暑さに慣れるより先に7月が終わった。そうして8月も終わろうとしている。
夏、こんなに暴力的でしたっけ。普段より酒に酔いやすかったり味噌汁が沁みたり冷やしチュルチュルやポッキンアイスが美味しすぎることを噛み締めていたら、いつの間にか日が短くなり始めたことにハッとする8月。
今年の上半期は身体も心も忙しい時間が多くて、7月は久しぶりにどっぷり本を読む時間やドラマを観る余裕ができて幸せだった。
8月の現在はやらなければならないことがむくむく出てきて再び忙しない。あ~川で泳いで焼きそば食っていたい。人んちで酔いつぶれて寝ていたい。


7月最後の週末は、大好きな友達の結婚式に行った。
結婚式っていいよね大好き、呼んでもらうの本当に嬉しい。
ガーデンでの挙式だったのでかなり暑かったけれど、眩しい緑の中で微笑む二人は本当に美しくて晴れて良かったな~と思った。

これは自分が一番驚いたんですけど、白いレースのドレス姿の友人を見た途端、涙が押し寄せてきてボロボロ泣いた。
私は自分の結婚式でも泣かなかったし、友達や兄弟の結婚式でも泣いたことがなかった。
感動していないというのはまた違くて、なんというか「ああ綺麗だな〜素敵だな〜楽しいな〜〜」と思って終わる。
結婚式というものは私にとって泣くようなことではないと思っていたのだ。
思っていたのだが、初めて結婚式で泣いた。しかも「ウエェッ」とか嗚咽洩らして泣いた。夫はちょっと引いていた。引くな。
なんの涙だったのか、とにかく嬉しそうで幸せそうな二人が本当に眩しかった。眩しさで目がくらみ涙が止まらなかった。

二次会は少人数だったこともあって、ずっと話したかったことやお互いに報告があったりしてす〜ごく楽しくて幸せだった。
自分の人生にこんなにハッピーな友人が居てくれることが本当に嬉しくて、幸せのお裾分けをしてもらったどころではなかった。
彼女と過ごす時間は、その瞬間はもちろん後々に何度も私を癒して、奮い立たせてくれる。
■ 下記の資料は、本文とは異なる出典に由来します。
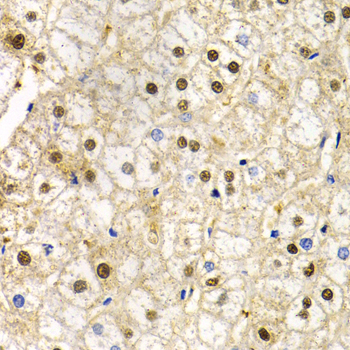 RAD9A / RAD9 Antibody - Immunohistochemistry of paraffin-embedded human liver damage.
友達、といっても彼女は元々は夫の後輩で、私のひとつ歳下になる。別に敬語じゃなくていいよって言ってるのにずっと敬語で喋っている。
けっこう仲は良いと思うけれど、友達だとは思っていないかもしれない。互いに。

出会った最初の頃は「先輩の彼女なんて紹介されて面倒だろうな…」と思い私は遠慮がちに接していた。
そのうちに、話すときのおっとりした感じが耳心地良かったり、よく咀嚼して食べるところが偉いなあなどと思って見ていた。だんだんと彼女の緊張がほぐれていく感覚が嬉しかった。
遊びに誘うと「行きます」「ギター練習したい日なんで行きません」とはっきり意思表示してくるところが最高で、私は自分の「気軽に遊びに誘っていいひと」枠に彼女を入れ、二人で遊ぶことも増えた。
しばらくして互いに同じタイミングで引っ越しをした。なんと家同士が徒歩10分圏内の近所だったので、会う頻度がとんでもなく増えた。
ほかの友人も交えながらほとんど毎日のようにうちに来たり、一緒に飲みに行くようになった。
私は妹か弟が欲しかった末っ子なので、一つ歳下というだけで「妹が居たらこんな可愛いのだろうか」と楽しくてお姉さんぶったりもした。
おいしいものをもらうと彼女に分けたかったし、クッキーがうまく焼けたら彼女に届けた。
彼女は、うちにご飯食べにくるときにはタッパーにおかずやフルーツを詰めて持ってきた。
もしかしたら私たちは、同じ気持ちだったのかもしれない。そうだとしたら嬉しい。


私たち夫婦が青森へ引っ越すことになったときは前日の夜から手伝ってくれて、家を出る瞬間はさびしくて二人で抱き合って泣いた。
私が青森に引っ越した今も何度も遊びに来てくれているし、私も帰省するときには連絡を入れてご飯を食べに行ったりする。
こうした交流が続いていることは嬉しいけれど、やはり私はいつかまた彼女と近所に住みたいと思ってしまう。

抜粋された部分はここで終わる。